Mutizm nedir?
Mutizm latince “mutus” yani sessiz, sakin anlamına gelen sözcükten gelir. Mutizm’i iki başlık altında inceleyebiliriz, selektif mutizm ve total mutizm.
Total mutizm daha çok yetişkinlerde görülen, kimseyle konuşmamayla karakterize, psikolojik veya psikiyatri temelli oluşan bir rahatsızlıktır. Sebepleri üzerine ayırıcı tanı uygulamaları yapıldıktan sonra psikoterapi gerektirir. Selektif mutizm ise yaygın olarak çocuklarda görülen bir rahatsızlıktır.
Selektif mutizm erken çocukluk döneminde başladığı düşünülen bir rahatsızlıktır, ancak çocuklar kreş ya da anaokuluna (kindergarten) başlayana dek farkedilmeyebilir.
Eğer çocuk alışılan süreden daha uzun bir müddet, konuşulan dili yeterince anlayabilme ve konuşabilme yeteneği olmasına rağmen, yakın çevresiyle iletişim kurmada ve konuşmada herhangi bir sorun yaşamıyorken, belirli kişilere karşı ve/veya belirli ortamlarda tamamen sessiz kalıyor ise mutizmden şüphelenmek yanlış olmayacaktır. Selektif (seçici) kavramından da anlaşılabileceği gibi çocuklar seçtikleri bazı ortamlar haricinde konuşmazlar. Mutizmli çocukların büyük bir bölümünde sosyal fobi ya da sosyal anksiyete de görülmektedir.

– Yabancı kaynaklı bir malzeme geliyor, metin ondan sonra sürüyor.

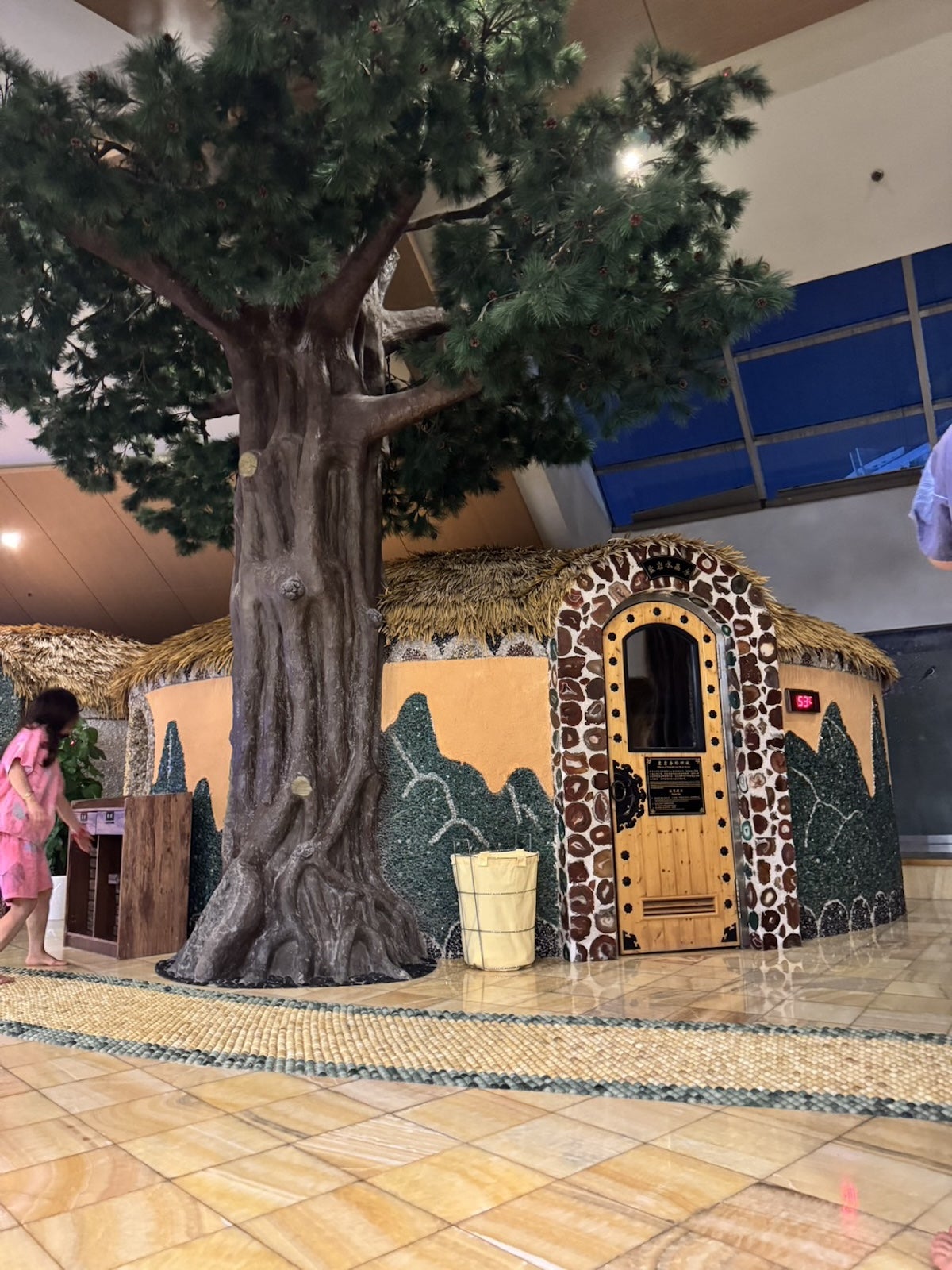 稲井　マイバズ　上海のスパ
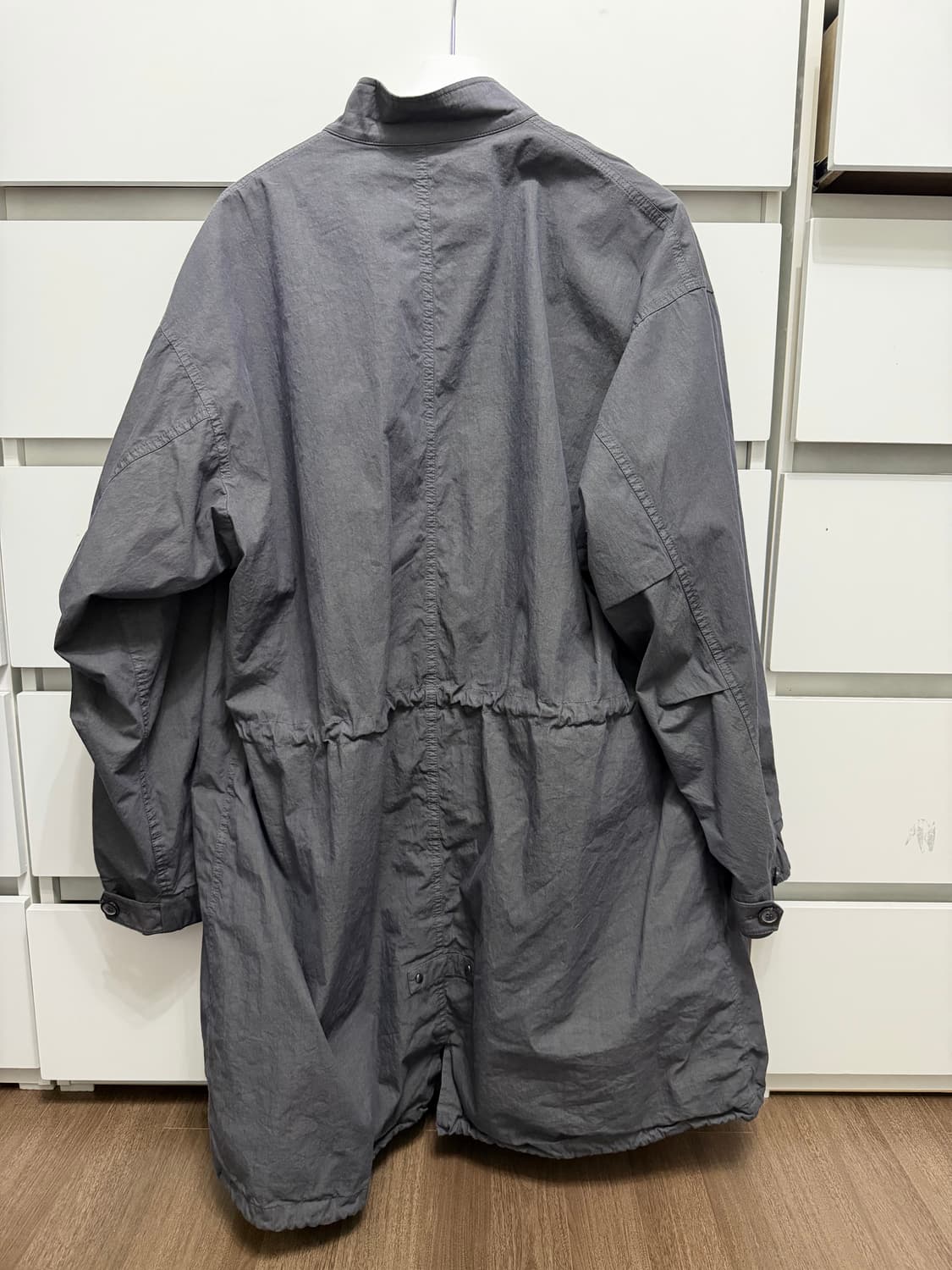 [L] 쿠어 가먼트 다이드 피쉬테일 파카 (워시드차콜) 상품이미지4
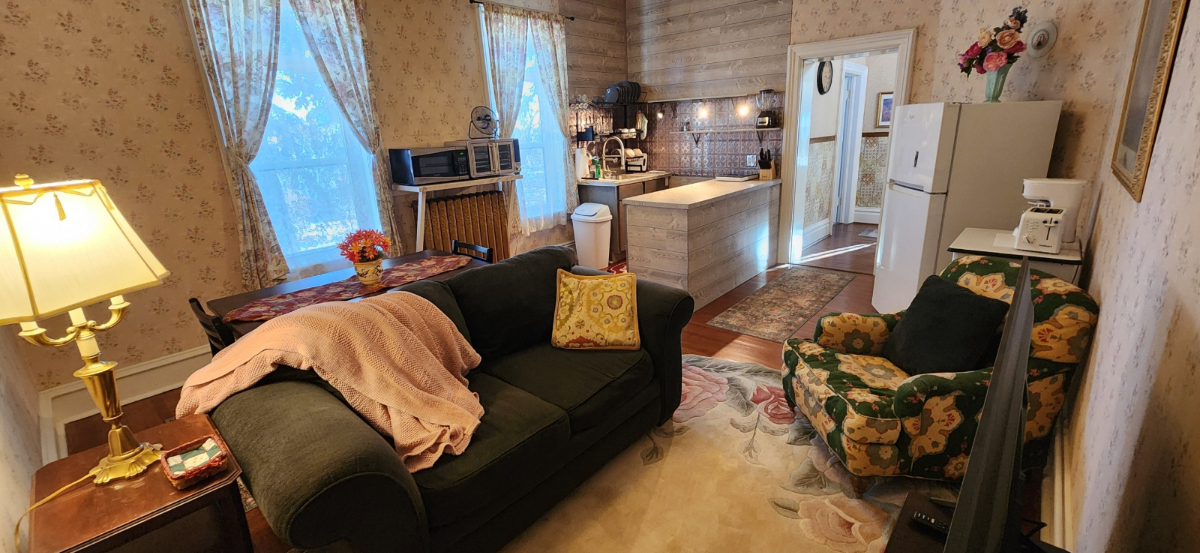 Apartment in Historic 1880s Mansion - Photo 3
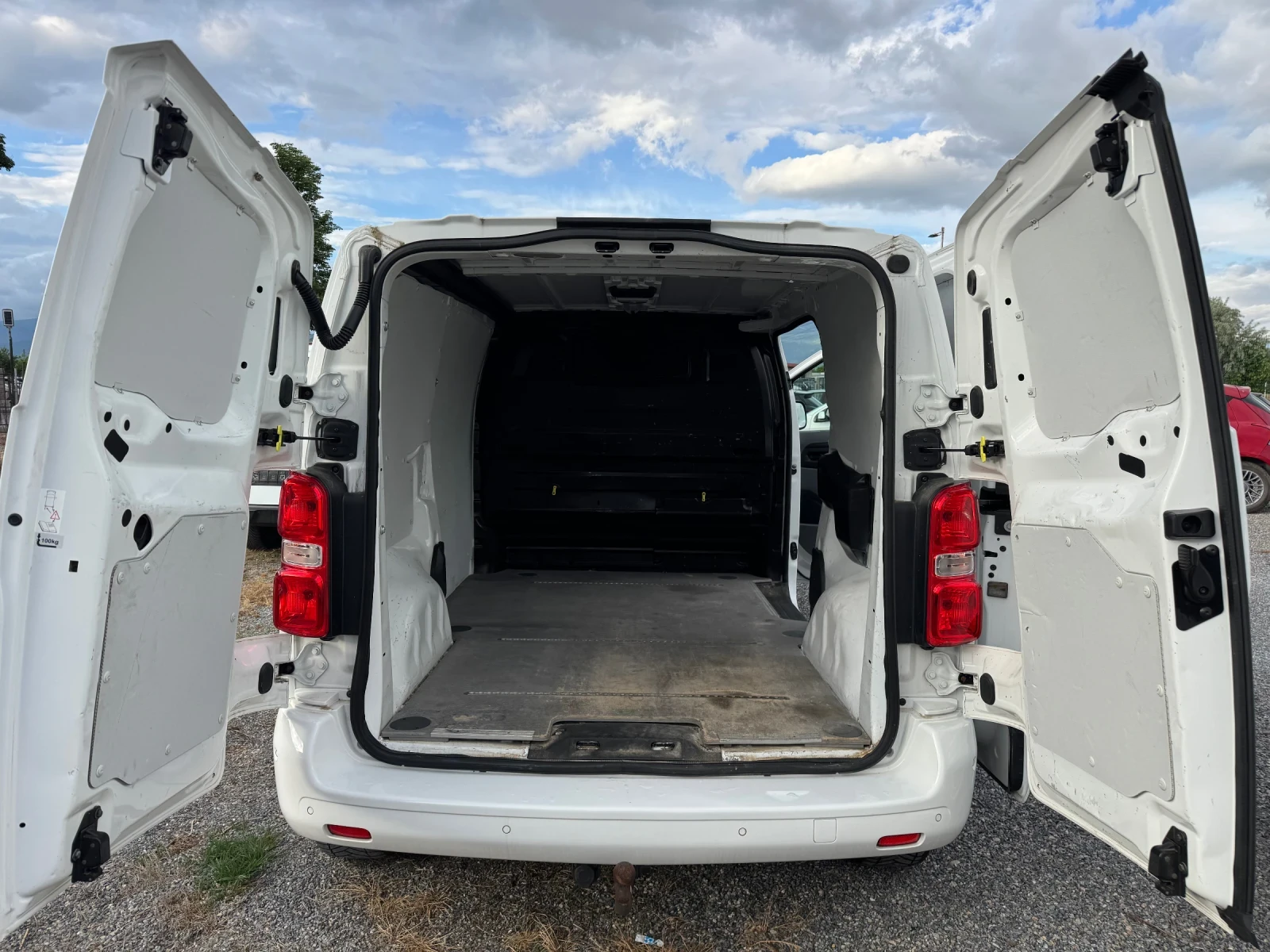 Citroen Jumpy 2.0HDI FULL! 3seats NAVI! CAM360* ! Keyless!EURO 6, снимка 16 - Автомобили и джипове - 54654512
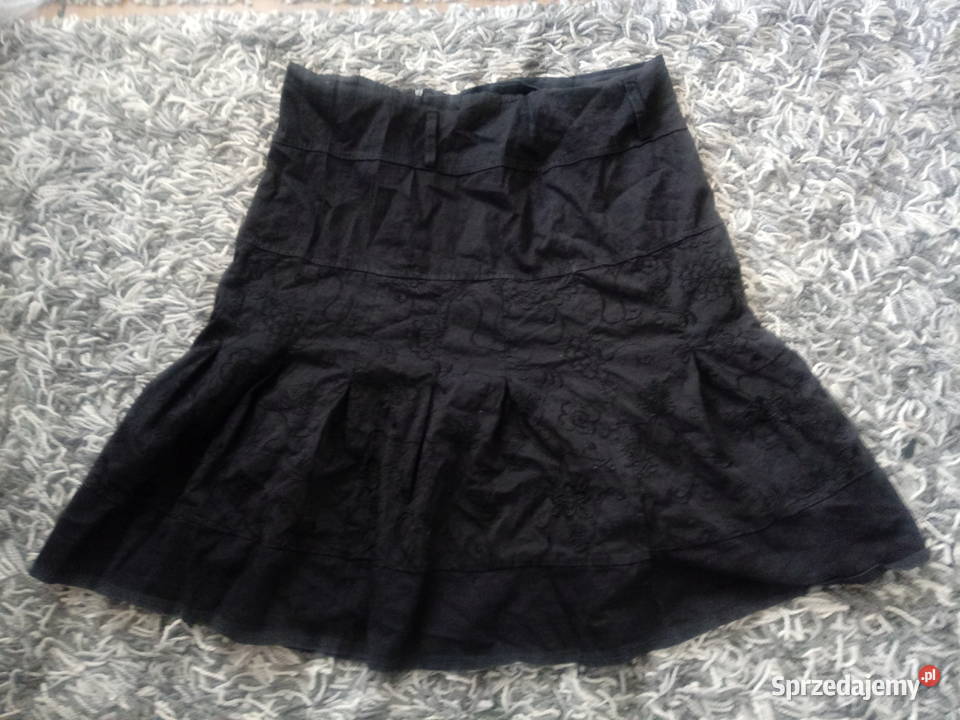 Spódnica czarna z haftem Chrzanów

Mutizme sebep olarak birçok etmen gösterilebilir. Örneğin mutizmli çocuklar genetik olarak endişeli olmaya yatkın mizaçtadırlar. Ayrıca çocuğun anne babasındaki çekingen, utangaç ya da aşırı koruyucu tavır da mutizmde etkili olabilmektedir. Mutizm göçmen ailelerin çocuklarında ya da iki dilli ailede yaşayan çocuklarda sık rastlanan bir olgudur. Evde konuşulan ile dış ortamda konuşulan dilin farklılığı bazı çocuklarda bu tarz bir rahatsızlığı tetikleyebilir. Hem dış ortamın dil sebebiyle yabancılığı, hem de ikinci bir dili konuşmanın stresi çocuklarda ketleyici rol oynayabilmektedir. Bu çocuklar eğer yaşadıkları ülkenin dilini iyi bilmiyorlarsa, öğretmen ya da pedagoglar tarafından dil gelişim bozukluğu olduğuna dair yanlış bir tanı da koyulabilir. Bu sebeple çocuğun anadilinde yapılacak psikolojik tanı süreci, burada önemli rol oynamaktadır. Mutizmde görülen konuşmama ve kapanıklık bazı vakalarda otizmle de karıştırılabilmektedir.
Mutizm’de erken tanı çok önemlidir. Çocuğun bu sessizliği devam ederse, endişeleri ve konuşmaya olan güvensizliği artarak devam edecek, bu hem sosyal becelerilerini etkileyecek hem de akademik anlamda başarısızlığa sebep olacaktır. Ayrıca mutizm ne kadar erken fark edilip, tedavi sürecine başlanırsa, tedavinin etkinliği o kadar artmaktadır. Bu süreç aile, pedagog/öğretmen, ve psikoloğun işbirliği içinde yürütmesi gerektiği bir süreçtir.